Provided data:
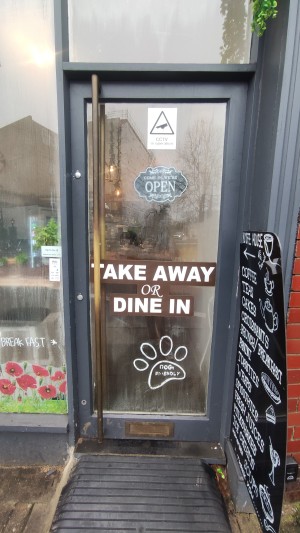 Glass door with grey frames. Push handle on left to open.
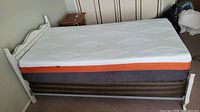 Side view of assembled bed frame with mattress and box spring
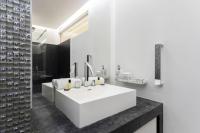 a white bathroom with a large white sink at Luxury modern two bedroom duplex by Roland Garros in Paris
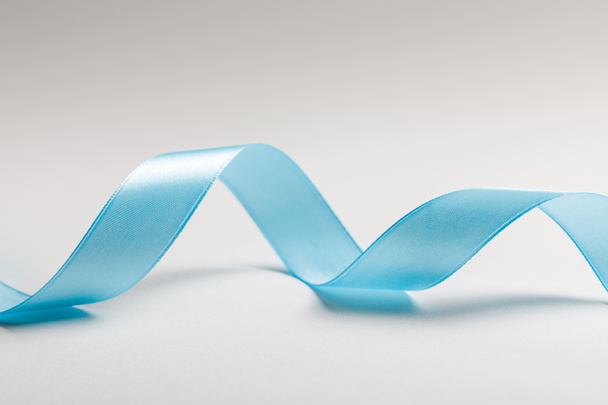 close up of wavy blue silk ribbon on grey background - Zdjęcie, obraz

Task objective:
Take the line containing "Side view of" as the first line and the last line of the data above as the final one, and output exactly the lines between them, inclusive, with no pictures.

Completed task:
 Side view of assembled bed frame with mattress and box spring
 a white bathroom with a large white sink at Luxury modern two bedroom duplex by Roland Garros in Paris
 close up of wavy blue silk ribbon on grey background - Zdjęcie, obraz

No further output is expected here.